Data segment:
BEGIN

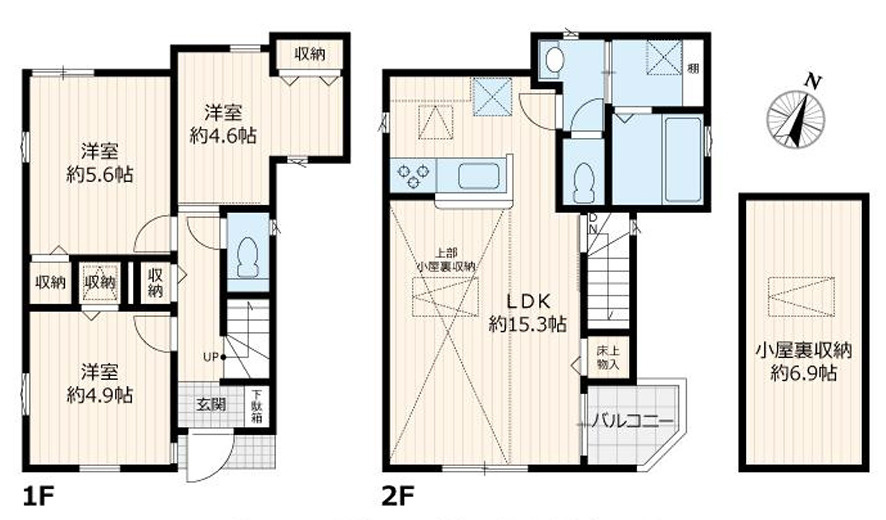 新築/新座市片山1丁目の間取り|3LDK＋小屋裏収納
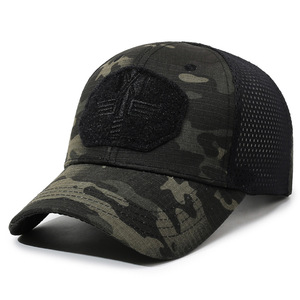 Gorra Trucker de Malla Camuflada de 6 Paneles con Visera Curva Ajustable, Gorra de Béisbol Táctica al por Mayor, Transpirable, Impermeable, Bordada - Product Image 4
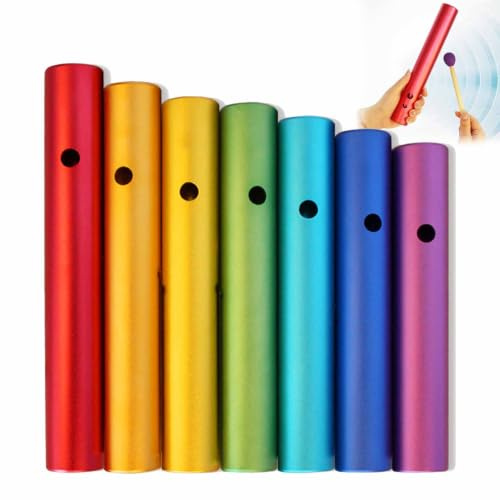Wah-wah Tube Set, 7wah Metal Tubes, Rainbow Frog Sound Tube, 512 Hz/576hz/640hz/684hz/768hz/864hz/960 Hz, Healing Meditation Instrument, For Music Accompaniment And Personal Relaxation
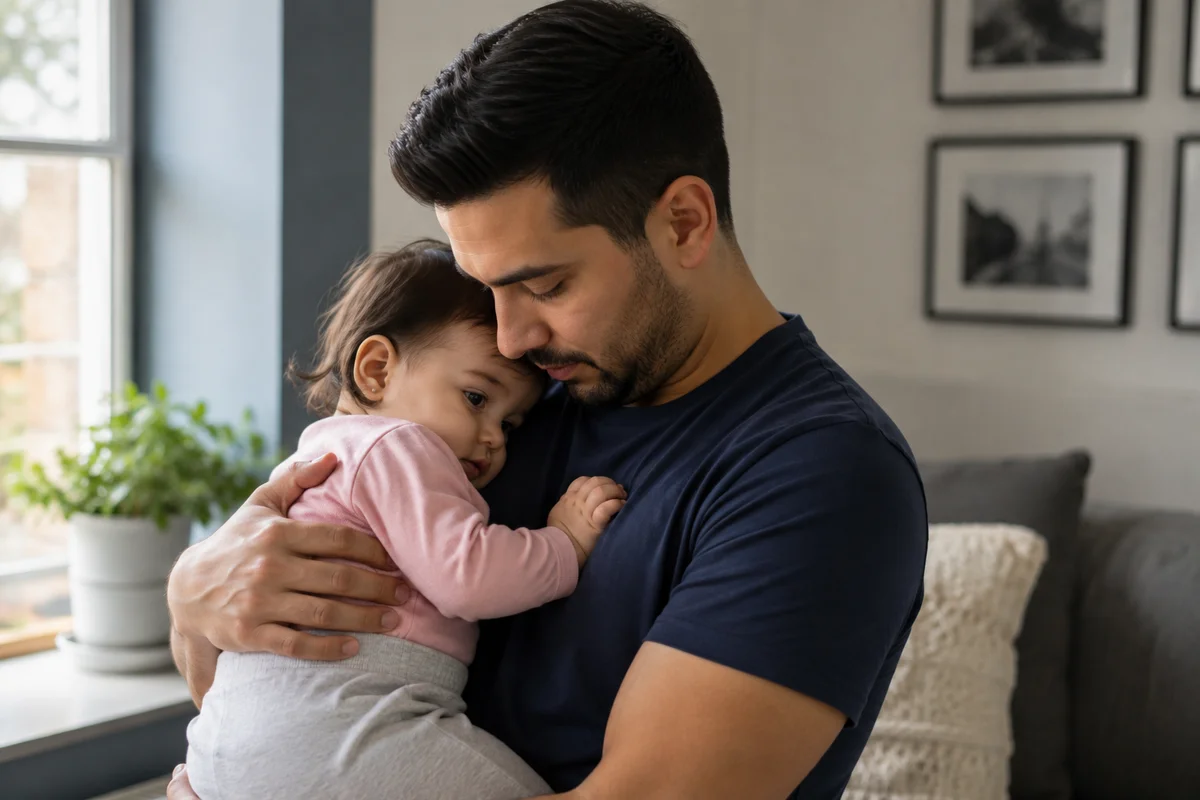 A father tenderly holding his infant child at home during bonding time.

END

Exercise requirements: Pictures aside, retype the material exactly.

Task result:
 新築/新座市片山1丁目の間取り|3LDK＋小屋裏収納
 Gorra Trucker de Malla Camuflada de 6 Paneles con Visera Curva Ajustable, Gorra de Béisbol Táctica al por Mayor, Transpirable, Impermeable, Bordada - Product Image 4
Wah-wah Tube Set, 7wah Metal Tubes, Rainbow Frog Sound Tube, 512 Hz/576hz/640hz/684hz/768hz/864hz/960 Hz, Healing Meditation Instrument, For Music Accompaniment And Personal Relaxation
 A father tenderly holding his infant child at home during bonding time.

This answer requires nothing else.